Exercise goal: Word for word, the data below must be repeated in full; no picture is to be included.

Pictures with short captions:
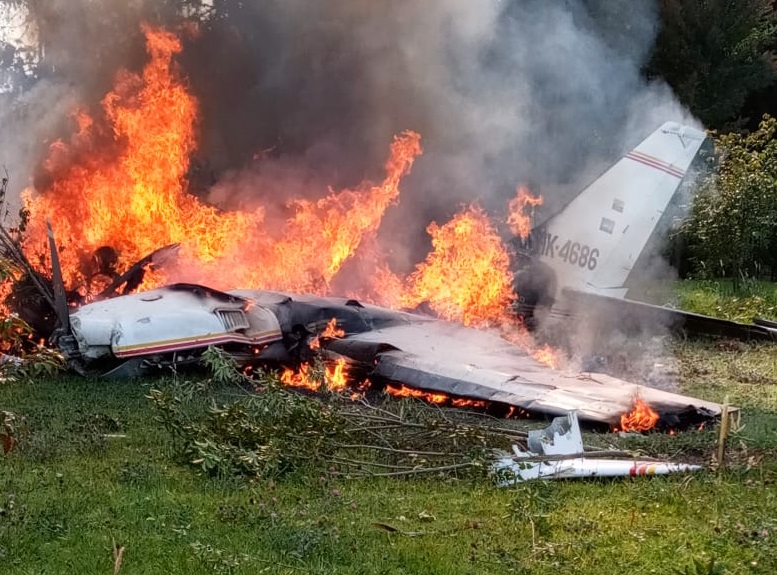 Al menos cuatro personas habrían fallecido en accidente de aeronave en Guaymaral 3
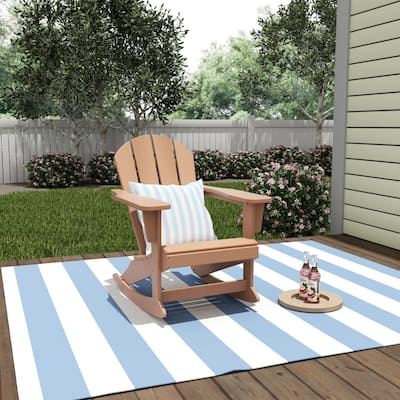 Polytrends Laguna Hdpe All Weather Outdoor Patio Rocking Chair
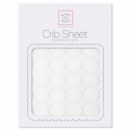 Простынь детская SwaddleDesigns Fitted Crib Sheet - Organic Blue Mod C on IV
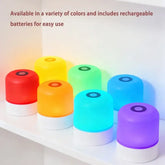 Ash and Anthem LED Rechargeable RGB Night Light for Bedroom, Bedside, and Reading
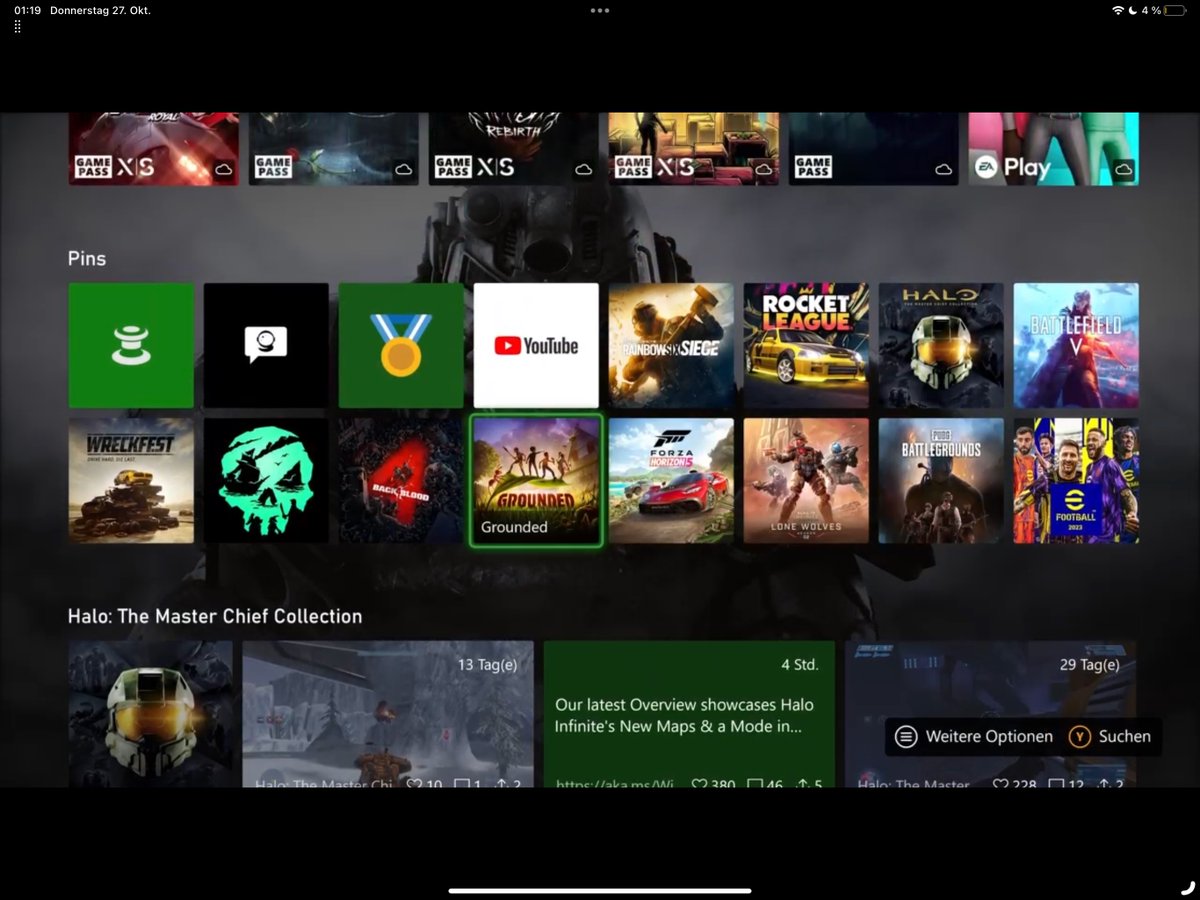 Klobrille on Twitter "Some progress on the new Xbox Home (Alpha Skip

Output for this task:
 Al menos cuatro personas habrían fallecido en accidente de aeronave en Guaymaral 3
 Polytrends Laguna Hdpe All Weather Outdoor Patio Rocking Chair
 Простынь детская SwaddleDesigns Fitted Crib Sheet - Organic Blue Mod C on IV
 Ash and Anthem LED Rechargeable RGB Night Light for Bedroom, Bedside, and Reading
 Klobrille on Twitter "Some progress on the new Xbox Home (Alpha Skip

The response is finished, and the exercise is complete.